# Assignment
Output all of the entries below precisely as written.

# Data to use
Segment Open

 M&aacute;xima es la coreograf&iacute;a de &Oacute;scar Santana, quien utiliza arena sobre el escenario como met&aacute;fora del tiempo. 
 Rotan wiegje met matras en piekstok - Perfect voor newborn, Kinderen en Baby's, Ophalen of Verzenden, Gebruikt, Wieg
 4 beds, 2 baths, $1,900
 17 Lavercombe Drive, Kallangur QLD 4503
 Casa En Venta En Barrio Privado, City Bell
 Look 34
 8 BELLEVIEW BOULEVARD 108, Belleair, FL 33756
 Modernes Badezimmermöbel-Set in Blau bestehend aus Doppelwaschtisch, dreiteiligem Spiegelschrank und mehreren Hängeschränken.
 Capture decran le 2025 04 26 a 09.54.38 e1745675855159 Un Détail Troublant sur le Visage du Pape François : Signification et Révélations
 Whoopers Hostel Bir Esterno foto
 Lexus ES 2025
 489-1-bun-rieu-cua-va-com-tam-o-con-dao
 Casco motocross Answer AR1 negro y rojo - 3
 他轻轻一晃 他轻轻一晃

Segment Closed

# Result of the task
 M&aacute;xima es la coreograf&iacute;a de &Oacute;scar Santana, quien utiliza arena sobre el escenario como met&aacute;fora del tiempo. 
 Rotan wiegje met matras en piekstok - Perfect voor newborn, Kinderen en Baby's, Ophalen of Verzenden, Gebruikt, Wieg
 4 beds, 2 baths, $1,900
 17 Lavercombe Drive, Kallangur QLD 4503
 Casa En Venta En Barrio Privado, City Bell
 Look 34
 8 BELLEVIEW BOULEVARD 108, Belleair, FL 33756
 Modernes Badezimmermöbel-Set in Blau bestehend aus Doppelwaschtisch, dreiteiligem Spiegelschrank und mehreren Hängeschränken.
 Capture decran le 2025 04 26 a 09.54.38 e1745675855159 Un Détail Troublant sur le Visage du Pape François : Signification et Révélations
 Whoopers Hostel Bir Esterno foto
 Lexus ES 2025
 489-1-bun-rieu-cua-va-com-tam-o-con-dao
 Casco motocross Answer AR1 negro y rojo - 3
 他轻轻一晃 他轻轻一晃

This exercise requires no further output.